Sent from my PC36100 using LHCF


----------



## gabulldawg (Sep 29, 2012)

I plan to rollerset next week using large purple and grey rollers.


----------



## Blairx0 (Sep 30, 2012)

Looking forward to rollersettong 2013 so I can formally join

Sent from my PC36100 using LHCF


----------



## Napp (Sep 30, 2012)

i felt a little expirimental and decided to roll my hair with tresemme naturals conditioner a la mahogany curls. surprisingly it was super easy to roll my 6 month post hair and get the roots taut with this stuff which really surprised me!. im currently sitting under the dryer. i hope it comes out looking nice.


----------



## The Girl (Sep 30, 2012)

grrr my soft bonnet dryer is just way too loud.  Bought it in a pinch, thought I was good...now I have to find a new one and blowdry a full head of rollers tonight...


----------



## Napp (Oct 1, 2012)

Napp said:


> i felt a little expirimental and decided to roll my hair with tresemme naturals conditioner a la mahogany curls. surprisingly it was super easy to roll my 6 month post hair and get the roots taut with this stuff which really surprised me!. im currently sitting under the dryer. i hope it comes out looking nice.

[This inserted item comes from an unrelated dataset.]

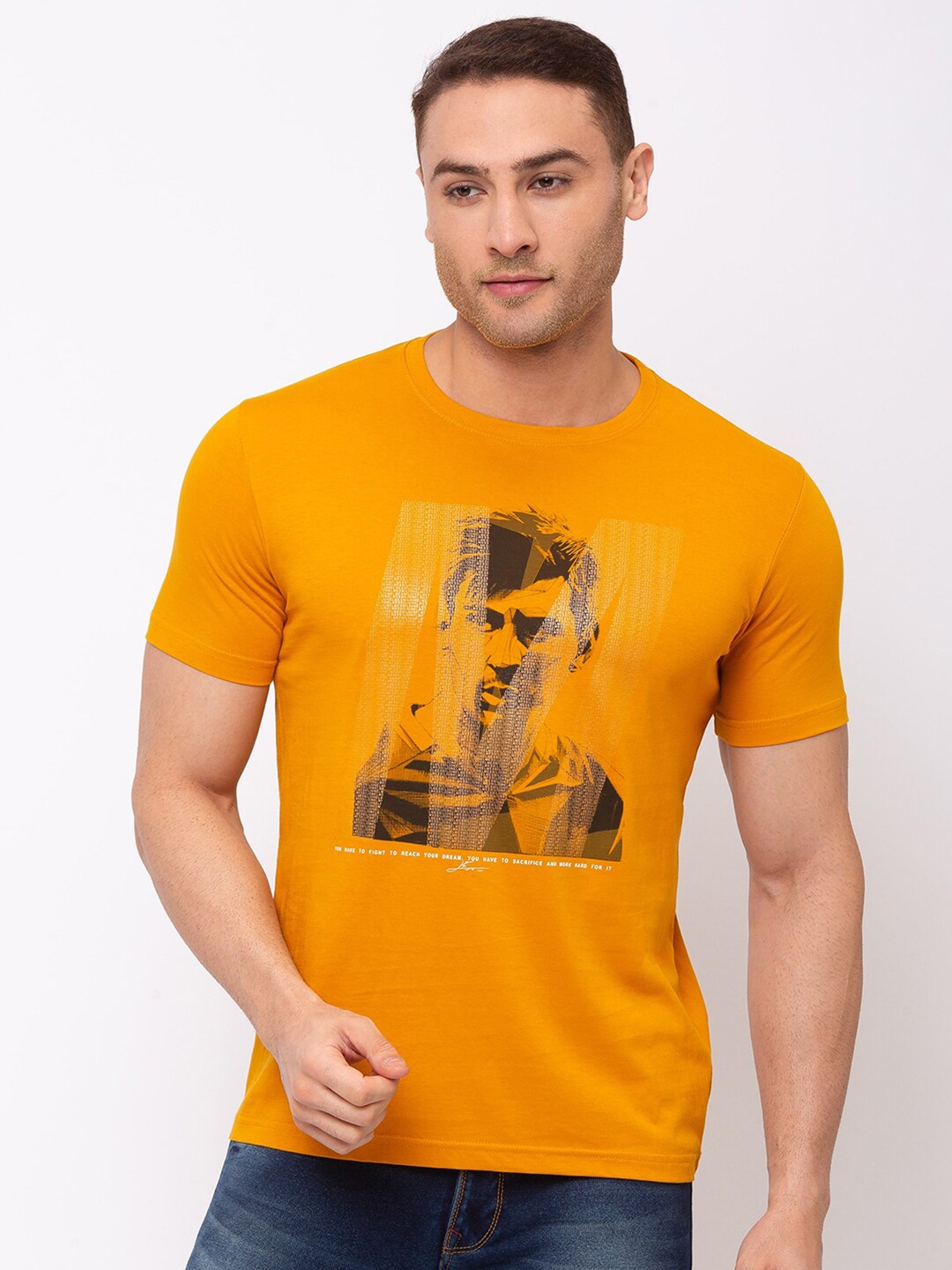 

Status Quo Men Mustard Yellow Printed T-shirt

it came out really nice. it was duller than usual but still pretty shiny over all. my hair is so soft! it feels a bit producty though. the results remind me of when i rollerset my hair with rusk smoother back in the day with a little less crunch. Id recommend it to anyone with alot of new growth or even natural hair. 

 the real test will be how it holds up during the week. i think i might even pass up my beloved razac leave in conditioner for this! ill post pictures later in the week.


----------



## cherrynicole (Oct 1, 2012)

I'm not an official challenger but I just finished roller setting! Definitely going to up this in 2013!


----------



## Blairx0 (Oct 1, 2012)

cherrynicole said:


> I'm not an official challenger but I just finished roller setting! Definitely going to up this in 2013!



Same here!

Sent from my PC36100 using LHCF


----------



## Nyssa28 (Oct 1, 2012)

I loved my rollerset from last week, I hope this week's turns out just as nice.  Will post pics of both sets tomorrow.

Sent from my GT-P6210 using LHCF


----------



## KaramelDiva1978 (Oct 2, 2012)

Hi ladies I've been rollersetting heavily since I went back to a relaxer in June. This one is my favorite though. 



Loving my length just wanted to share. Finishing the quarter strong!


----------



## GrowAHead (Oct 10, 2012)

I rollerset once per week! would love to join the 2013 challenge!!!!!!!!!!!


----------



## Angelicus (Oct 10, 2012)

I am still trying t find out if Motions Foaming Wrap Lotion is working for me. I've been wrapping my hair so I haven't been able to tell if it helps keep the curl or not.

I think I will do without it for this roller set day-- I'll try it on Saturday and see what happens...


----------



## Blairx0 (Oct 10, 2012)

Keep us posted. I have never had luck with their line, but I love a success story


----------



## niknakmac (Oct 10, 2012)

Moved on to bigger rollers this week. I still had alot of pretty curls, my set lasted 3 days the rainy damp weather caused the fall.  I think i may even go bigger with the rollers this weekend.


----------



## Napp (Oct 11, 2012)

Napp said:


> it came out really nice. it was duller than usual but still pretty shiny over all. my hair is so soft! it feels a bit producty though. the results remind me of when i rollerset my hair with rusk smoother back in the day with a little less crunch. Id recommend it to anyone with alot of new growth or even natural hair.
> 
> the real test will be how it holds up during the week. i think i might even pass up my beloved razac leave in conditioner for this! ill post pictures later in the week.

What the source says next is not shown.